It seems valuable to have the LHS and RHS of an allocation as a nonzero tag. IIUC, the chunk header is on the LHS for primary allocations, and making the header MTE-protected (the tag can be stored in the Primary allocator struct somewhere) seems like a good additional security step to make it unwriteable from a deterministic (zeroed) pointer.

It's already protected by using tag 0, which we don't use in heap pointers, so I'm not sure what your concern is.

pcc added a comment.Nov 27 2019, 3:13 PM
In D70762#1762272, @pcc wrote:

In the case where the granule on the right is not in the current chunk, there are two possibilities:

  • We are at the next chunk, which will have a tag 0 at the beginning for the header granule.
  • We are at the end of the mapping.

Either way we will get a SEGV when we access the next granule.

Yes, of course. SG.

Interesting. So:

  • On mmap we do a separate IRG for each block and tag the entire block except for first granule.
  • On free we IRG and tag the entire block except first granule.
  • On malloc we tag the granule before and after (modulo end-of-block) with 0.

So we would do about 1.5x the amount of work (because we don't know how big the malloc is going to be), with additional upfront work. Maybe the upfront work is fine on Android because of the zygote.

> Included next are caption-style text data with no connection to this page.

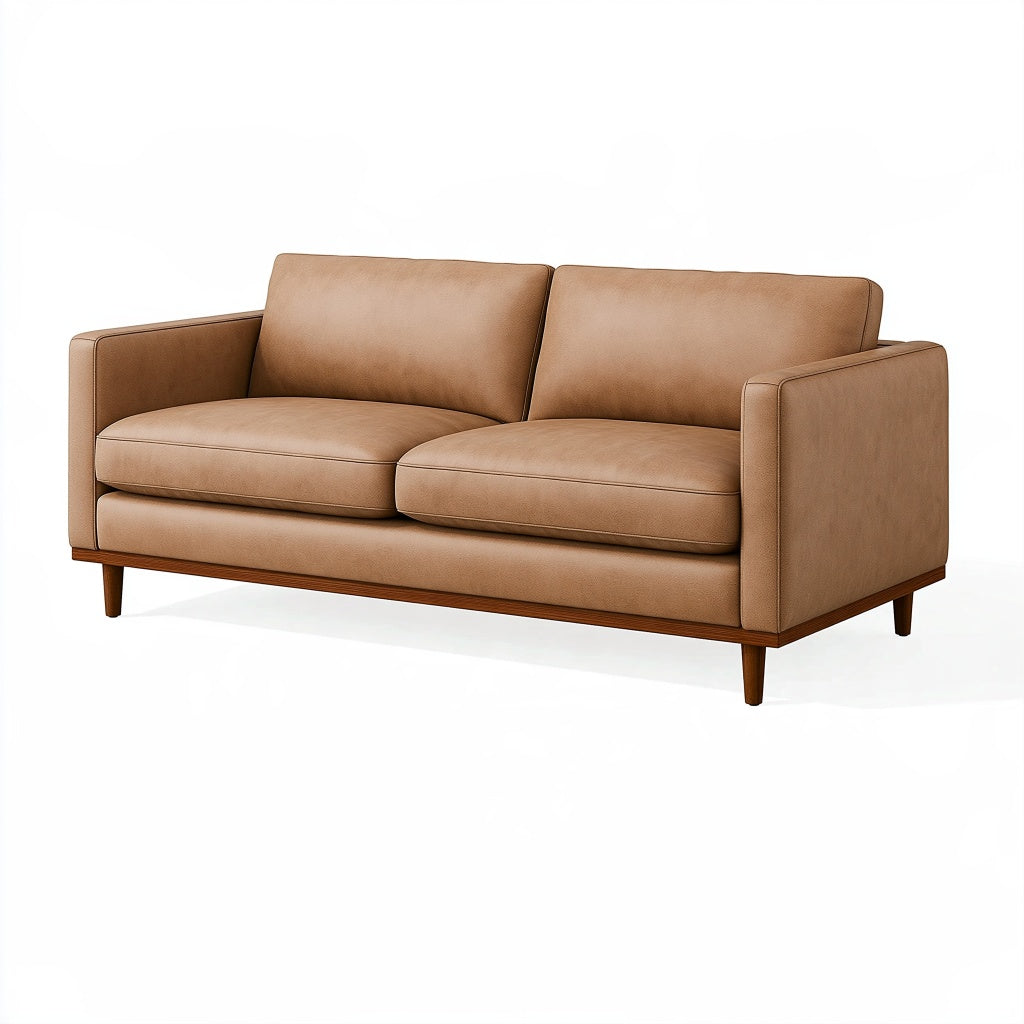 Zweisitzer-Sofa 180 x 85 x 82 cm Cognac lederähnlicher Bezug modernes Wohnzimmermöbel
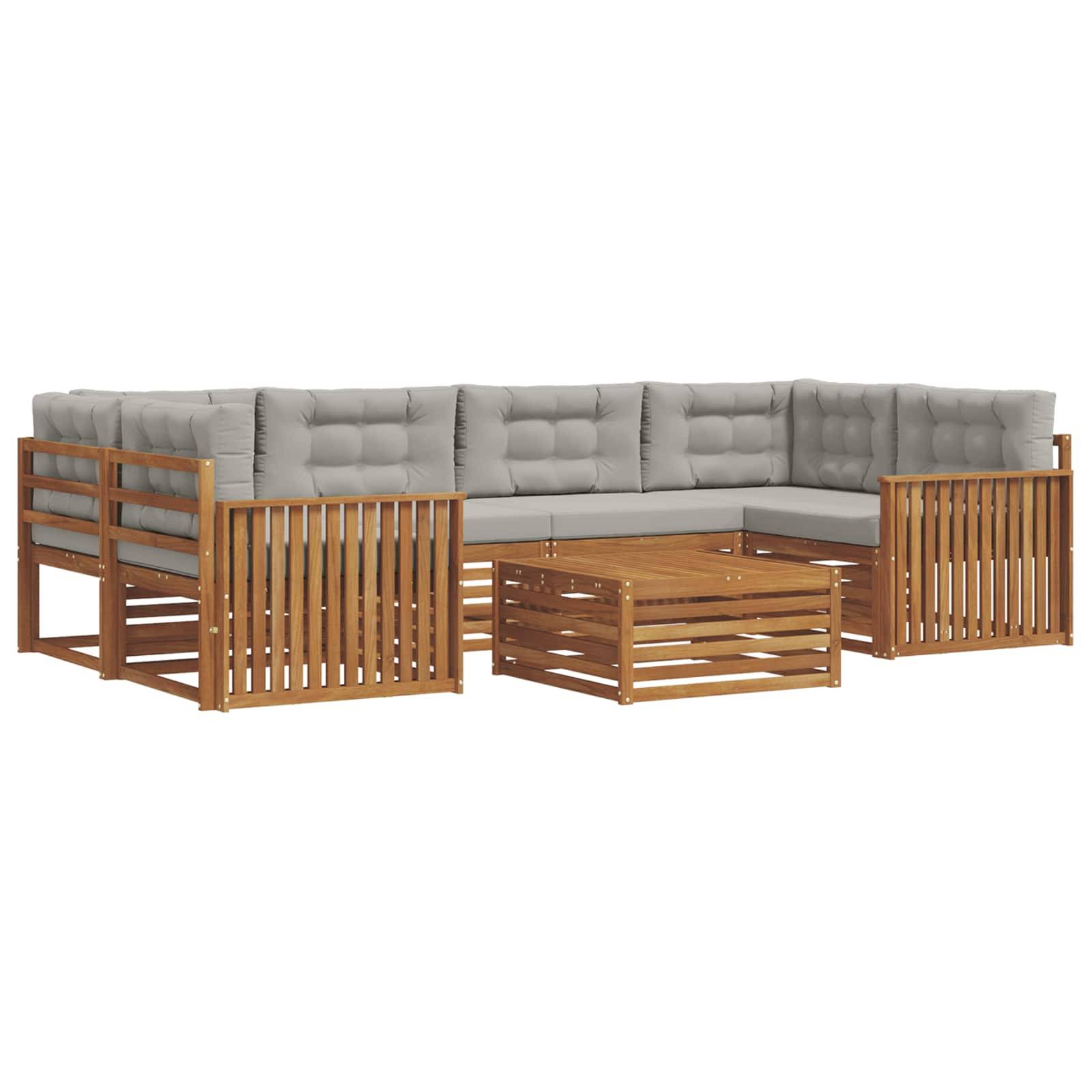 vidaXL Outdoor-Sofagarnitur mit Kissen 7 pcs Natürlich und Hellgrau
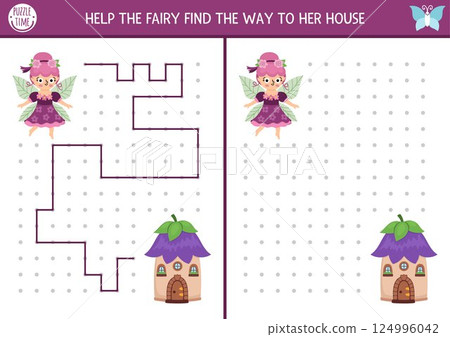 Fairyland drawing, writing, tracing, space orientation activity for kids with flower fairy searching house. Draw line in box according example. Preschool woodland printable game, puzzle 124996042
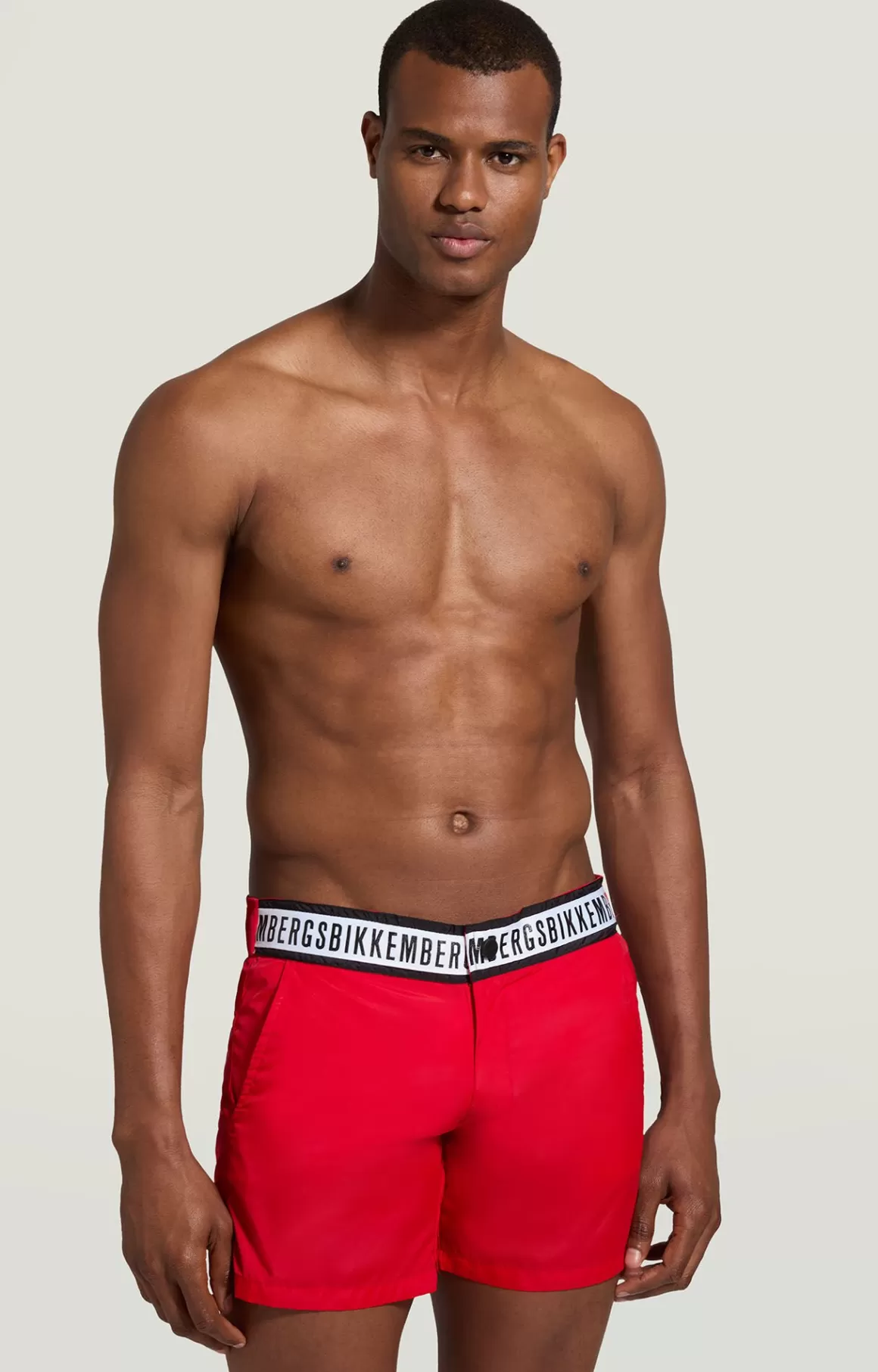 Shorts^Bikkembergs Men's Swim Shorts With Tape red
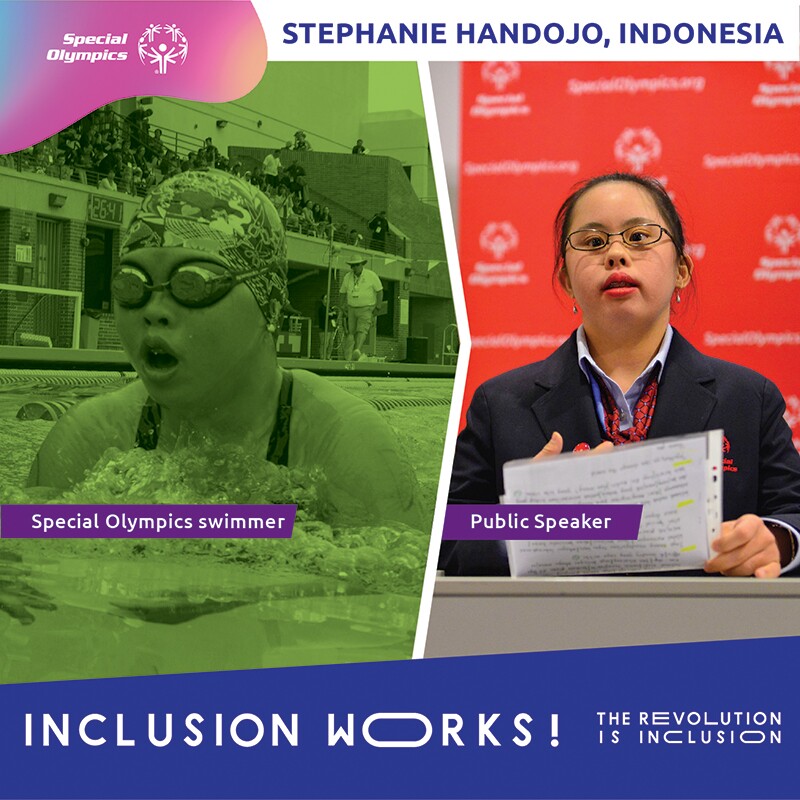 On the left is Stephanie swimming and no the right is Stephanie standing behind a podium speaking. Text at the bottom reads: Inclusion Works! The Revolution is Inclusion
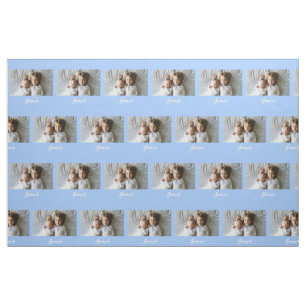 Blue Personalised Fabric Add Your Photo
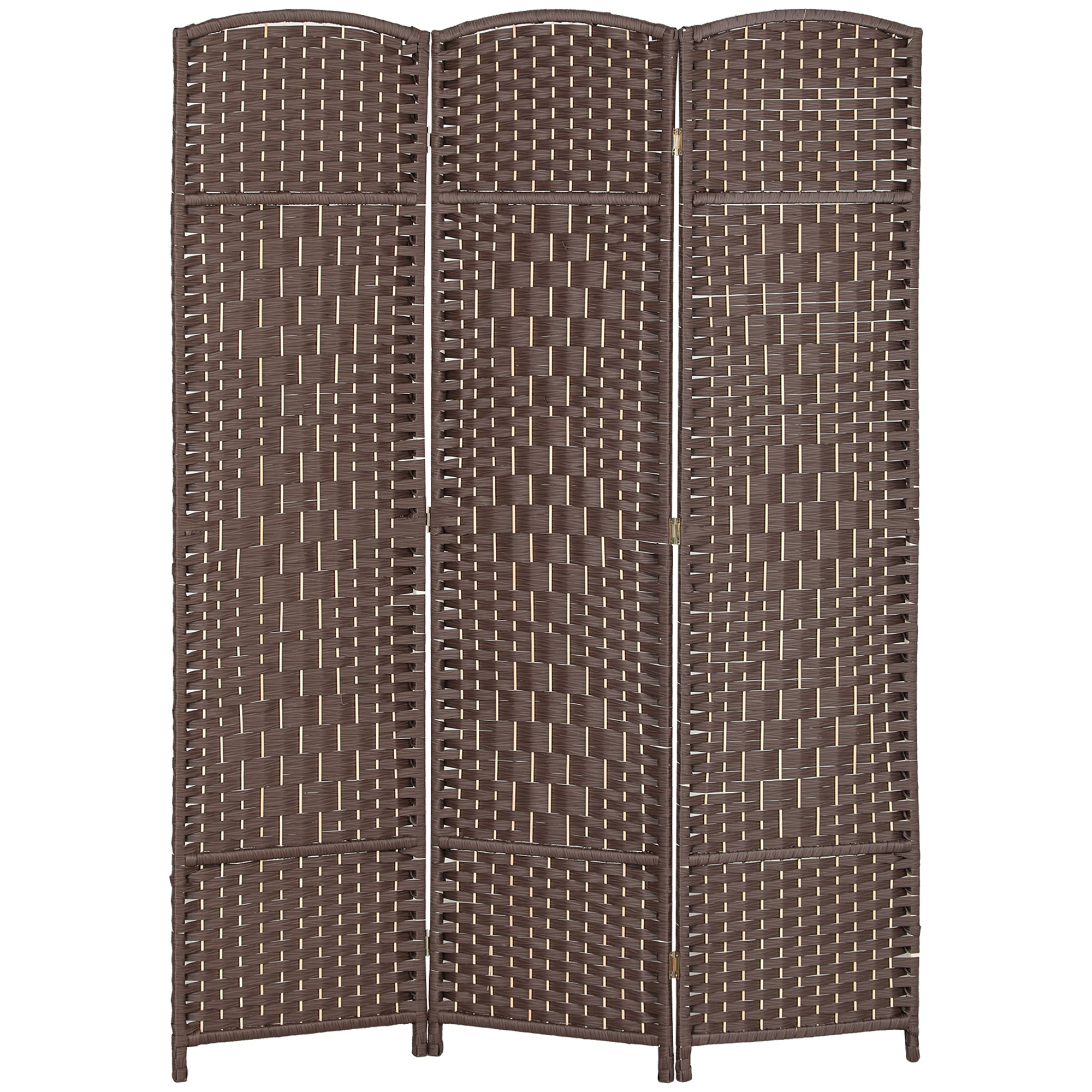 Rumdeler 3-panels Foldbar Skillevæg Vævet Mønster Fyrretræ Brun  4255826825542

That said, maybe we could cut the 1.5x down to about 1x by only tagging max(half block size, usable size) on free, and the remainder on malloc.

We don't need the upfront work if we can track the "has never been tagged" state of the chunk somewhere. Ideally, not in the chunk header to avoid paging everything in too early.
Maybe we can optimize for size of malloc <= size of the previous free by storing the size of the free() in the header.

There is already a header field 'SizeOrUnusedBytes" that stores the allocation size. When a chunk is freed, we don't disturb that field. That gives us a way to recover the size of the previous allocation. We can call getChunkFromBlock() (modifying it to accept deallocated chunks) to recover the location of the chunk header given a block.

I think we can use the header itself to store the "has never been tagged" state. If the header read as a word is equal to 0, that means that the chunk has never been used before and we need to IRG before setting tags. That won't result in early paging because by the time we read the header we've already decided to use that block for the allocation.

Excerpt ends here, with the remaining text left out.